DATA FOR ANALYSIS:
--

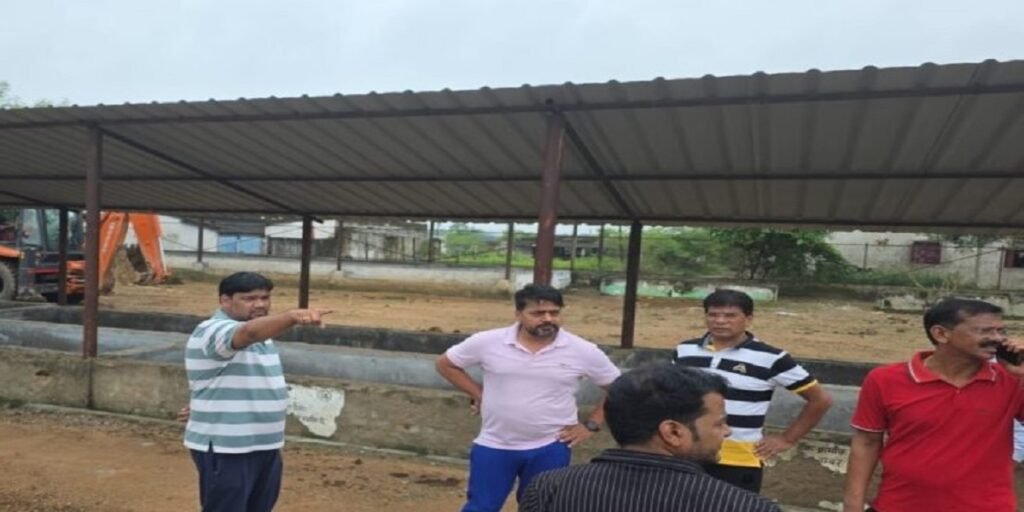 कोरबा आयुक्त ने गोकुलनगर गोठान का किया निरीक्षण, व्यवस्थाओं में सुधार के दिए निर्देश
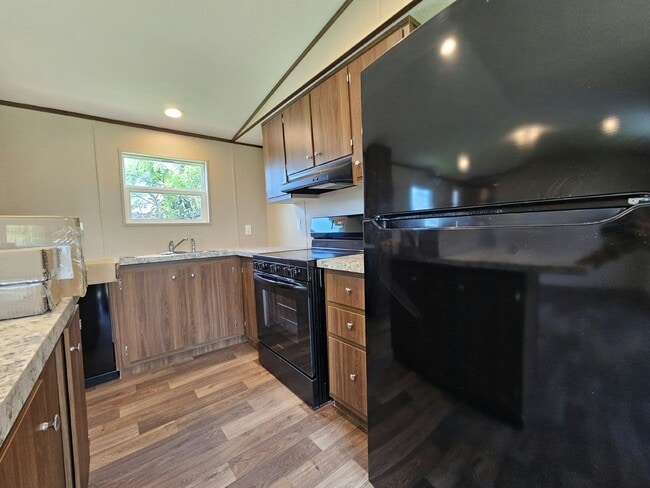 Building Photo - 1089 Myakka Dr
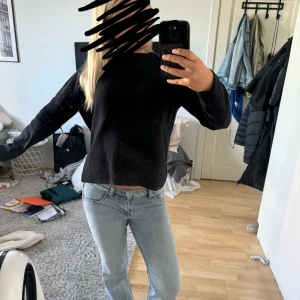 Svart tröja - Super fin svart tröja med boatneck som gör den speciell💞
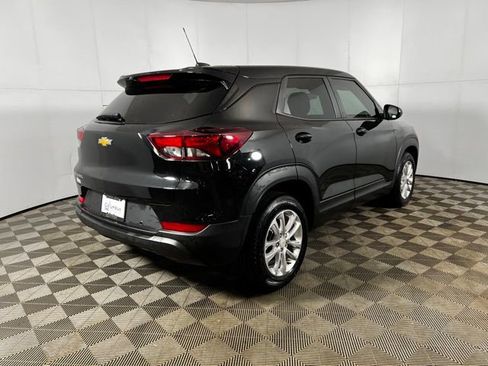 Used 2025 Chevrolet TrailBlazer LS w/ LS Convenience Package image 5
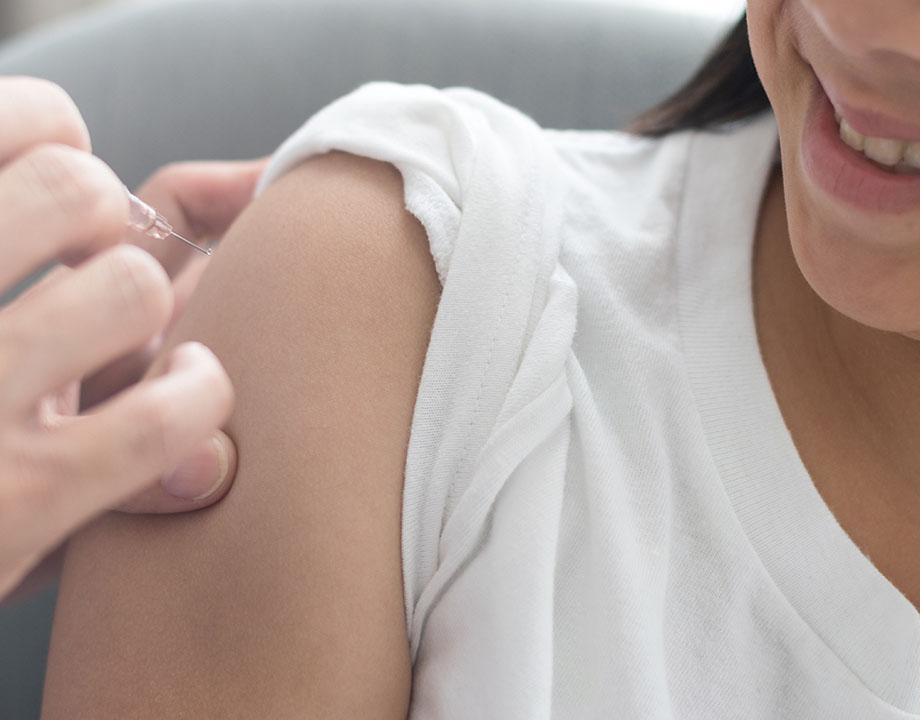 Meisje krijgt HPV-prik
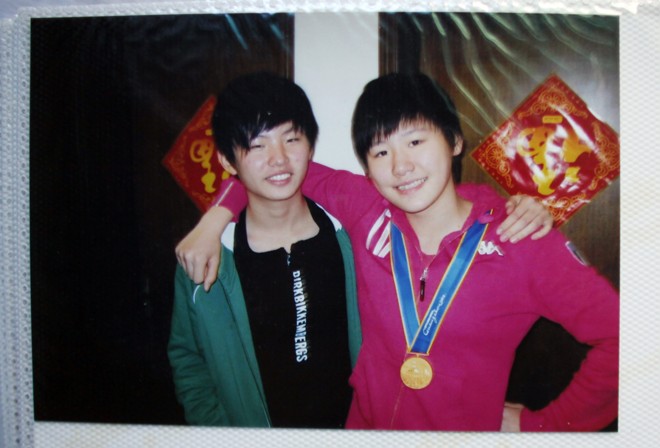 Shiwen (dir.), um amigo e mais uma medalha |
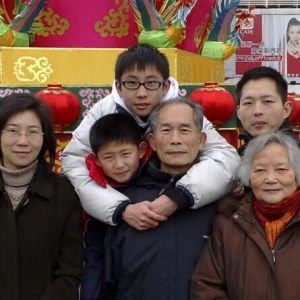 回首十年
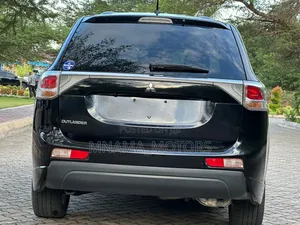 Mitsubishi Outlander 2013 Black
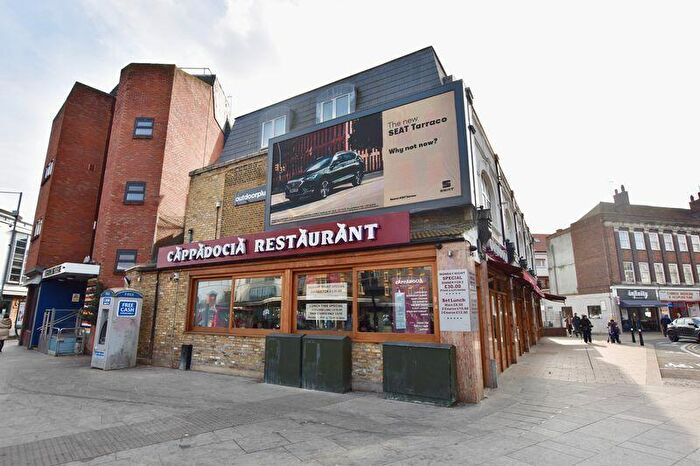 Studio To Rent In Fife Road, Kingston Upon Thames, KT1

--

YOUR GOAL:
In the copy, keep every line of the data above exactly and drop each picture.

RESULT OF THE EXERCISE:
 कोरबा आयुक्त ने गोकुलनगर गोठान का किया निरीक्षण, व्यवस्थाओं में सुधार के दिए निर्देश
 Building Photo - 1089 Myakka Dr
 Svart tröja - Super fin svart tröja med boatneck som gör den speciell💞
 Used 2025 Chevrolet TrailBlazer LS w/ LS Convenience Package image 5
 Meisje krijgt HPV-prik
 Shiwen (dir.), um amigo e mais uma medalha |
 回首十年
 Mitsubishi Outlander 2013 Black
 Studio To Rent In Fife Road, Kingston Upon Thames, KT1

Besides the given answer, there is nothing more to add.